**TO DO:**
Beneath this task are records; print exactly the stretch of them from the line with "Standard Double Room, Non Smoking" through the line with "Nối gót Messi, thêm", both ends included.

**TASK INPUT:**

____________

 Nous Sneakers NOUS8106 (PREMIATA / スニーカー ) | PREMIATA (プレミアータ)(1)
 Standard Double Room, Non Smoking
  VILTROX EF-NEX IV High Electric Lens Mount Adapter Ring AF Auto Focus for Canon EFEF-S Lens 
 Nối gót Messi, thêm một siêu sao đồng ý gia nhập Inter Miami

____________

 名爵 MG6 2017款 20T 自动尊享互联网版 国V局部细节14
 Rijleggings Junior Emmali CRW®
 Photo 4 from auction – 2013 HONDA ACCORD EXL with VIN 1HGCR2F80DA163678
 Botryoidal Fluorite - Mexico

____________

**TASK SOLUTION:**
 Standard Double Room, Non Smoking
  VILTROX EF-NEX IV High Electric Lens Mount Adapter Ring AF Auto Focus for Canon EFEF-S Lens 
 Nối gót Messi, thêm một siêu sao đồng ý gia nhập Inter Miami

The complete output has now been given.